Nous colmatons les brèches
Face à tout cela, un seul slogan semble aujourd’hui devoir résonner à tout bout de champ : "Il faut restaurer l’ordre !" Comme si l’ordre en soi était une valeur suffisante pour assurer le bonheur des hommes... Les sociétés qui prônent l’ordre comme absolu de leur horizon se muent vite en prison à ciel ouvert : il n’y a que dans les pénitenciers les plus sévères et dans certaines casernes que l’ordre est la règle d’airain. S’il est nécessaire, ce principe ne peut, sauf contresens tragique, suffire à rassembler une société. La sécurité ne sera jamais la première des libertés. Ni dans l’État, ni dans l’Église : non qu’elle soit inutile, mais elle ne peut constituer à elle seule le cap d’une politique sans diriger le navire qui la choisit comme gouvernail vers la tyrannie ou le sectarisme.

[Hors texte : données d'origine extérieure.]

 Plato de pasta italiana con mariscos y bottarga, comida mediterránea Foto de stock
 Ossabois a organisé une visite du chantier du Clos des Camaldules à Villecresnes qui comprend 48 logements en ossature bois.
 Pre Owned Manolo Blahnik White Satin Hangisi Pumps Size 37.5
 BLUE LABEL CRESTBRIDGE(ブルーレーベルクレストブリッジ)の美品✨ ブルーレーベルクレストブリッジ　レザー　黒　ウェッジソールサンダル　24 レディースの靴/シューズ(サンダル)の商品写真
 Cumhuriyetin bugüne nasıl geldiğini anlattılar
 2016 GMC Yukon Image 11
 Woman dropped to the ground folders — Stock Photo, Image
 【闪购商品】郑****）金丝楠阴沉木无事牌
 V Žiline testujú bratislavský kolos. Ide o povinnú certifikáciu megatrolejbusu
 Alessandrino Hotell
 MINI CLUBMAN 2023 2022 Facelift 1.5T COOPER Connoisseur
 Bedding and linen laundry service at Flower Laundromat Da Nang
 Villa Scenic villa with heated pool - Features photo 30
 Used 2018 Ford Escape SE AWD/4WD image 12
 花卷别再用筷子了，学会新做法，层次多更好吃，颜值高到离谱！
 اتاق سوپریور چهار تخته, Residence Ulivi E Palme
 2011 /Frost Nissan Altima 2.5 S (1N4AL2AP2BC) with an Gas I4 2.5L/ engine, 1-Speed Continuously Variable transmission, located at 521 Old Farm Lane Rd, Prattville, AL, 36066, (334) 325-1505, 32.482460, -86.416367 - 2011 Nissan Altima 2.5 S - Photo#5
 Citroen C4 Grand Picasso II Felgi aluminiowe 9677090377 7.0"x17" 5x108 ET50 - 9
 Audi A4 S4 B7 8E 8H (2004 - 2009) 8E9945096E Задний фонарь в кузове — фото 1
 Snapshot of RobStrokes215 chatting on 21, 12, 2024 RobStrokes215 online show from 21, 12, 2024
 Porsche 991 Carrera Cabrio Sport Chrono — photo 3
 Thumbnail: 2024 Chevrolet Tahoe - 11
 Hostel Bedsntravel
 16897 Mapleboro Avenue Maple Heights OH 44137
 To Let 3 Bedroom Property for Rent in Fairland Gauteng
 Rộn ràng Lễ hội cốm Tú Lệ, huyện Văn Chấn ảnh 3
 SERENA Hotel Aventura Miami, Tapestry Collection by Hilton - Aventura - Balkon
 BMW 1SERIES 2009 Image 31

Cessons de nous retrancher derrière nos exigences de sécurités illusoires et occupons-nous d’avantage de justice.
Sans doute, la sécularisation qui ne sait plus penser le monde autrement qu’en fantasmant une existence épurée de tout accident, aseptisée et normée, n’y est-elle pas pour rien. Il y a trop d’incendies ? Multiplions les canadairs ! L’essence coûte trop cher ? Envoyons des chèques ! L’islam nous fait peur ? Renvoyons des imams ! On pourrait multiplier les exemples... Non qu’ils soient inutiles : ils traduisent notre absolue impuissance collective à envisager un avenir. Nous colmatons les brèches dans une société où, par exemple, le travail est devenu la condition du loisir et non plus la grandeur de la vie, tout en nous résignant aux contraintes et ne supportant plus le risque.
L’eau ne cesse de jaillir
Cette rentrée sera rude, nous prédisent ceux qui ne voient plus de possible. Elle l’est déjà, rude, alors que l’été est toujours là, pour nombre d’hommes et de femmes à qui l’on a volé l’Espérance. En les décourageant de croire, en les ensevelissant sous des règles et des principes devenus tellement envahissants et en même temps si élevés, qu’ils bâtissent des murs autour des seules sources où l’eau ne cesse de jaillir. Des régions entières sont en état de canicule ou de sécheresse : les nappes souterraines et des fleuves sont à leurs plus bas niveaux depuis des lustres. Contre cela, nous ne pouvons pas grand-chose à titre personnel sinon changer quelques habitudes dispendieuses. Mais comment expliquer et justifier que la source d’eau vive, celle par laquelle le Christ lui-même se donne à tous ceux qui cherchent à étancher leur soif, oui, comment expliquer que cette source-là soit perçue encore moins accessible par beaucoup de nos contemporains qui s’en estiment exclus ou indésirables ?
L’Évangile ne cesse de nous désigner un Sauveur qui s’expose, se livre, se donne jusqu’au plus intime de lui-même, sans rien refuser, sans rien préserver de lui-même. Cessons de nous retrancher derrière nos exigences de sécurités illusoires et occupons-nous d’avantage de justice qui est la condition pour la vraie charité, tout en essayant de nous tenir un peu plus sous la Vérité du regard de Dieu. N’attendons pas que le monde passe, car il passe, sans chercher à l’ensemencer chaque jour de l’œuvre créatrice à laquelle Dieu ne cesse de nous appeler à collaborer.